Kurdish towns under siege in Turkey

Government forces battle Kurdish rebels in country’s southeast

Several Kurdish-populated towns have been subjected to a series of often-deadly military sieges and blockades this year. Photograph: Reuters
Several Kurdish-populated towns have been subjected to a series of often-deadly military sieges and blockades this year. Photograph: Reuters

The convoy of Iraqi, Iranian and Turkish trucks stuck outside besieged Cizre has been here for six days. Empty egg shells and potato skins litter the highway. In that time, they have listened to distant explosions rock Cizre, where government forces are battling Kurdish rebels. The military blockade before them means they can go no further and for some it strikes close to home.

“Two days ago a tank shell hit the side of my family’s building,” said Nevzat, who’s trying both to make a delivery to Cizre and to reach his family trapped in the town.

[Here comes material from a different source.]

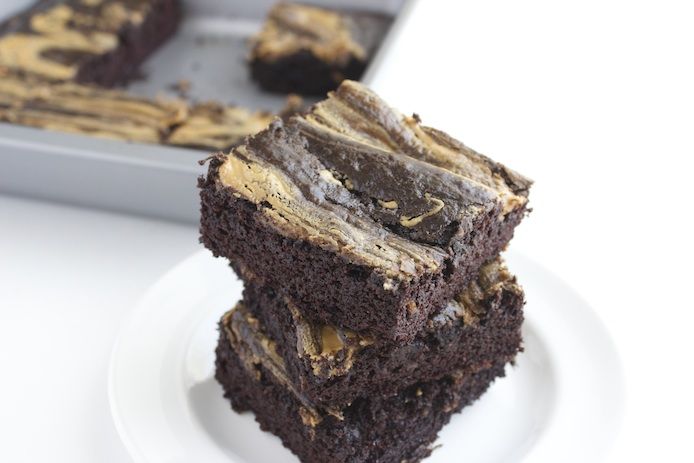 Chocolate_Almond_Butter_Brownies_1.jpg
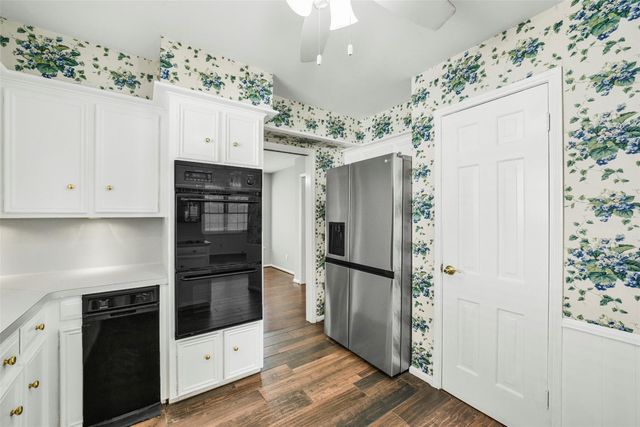 1423 Ash Meadow Drive, Houston, TX 77090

“My wife and children are hiding in a basement; I’m here, they’re there,” he says looking beyond the line of military vehicles and soldiers blocking his route. Later, he shows photos of his children holding their hands to their ears, trying to keep out the sound of detonating shells.

Cizre, Nusaybin and several other Kurdish-populated towns in southeast Turkey have been subjected to a series of often-deadly military sieges and blockades this year.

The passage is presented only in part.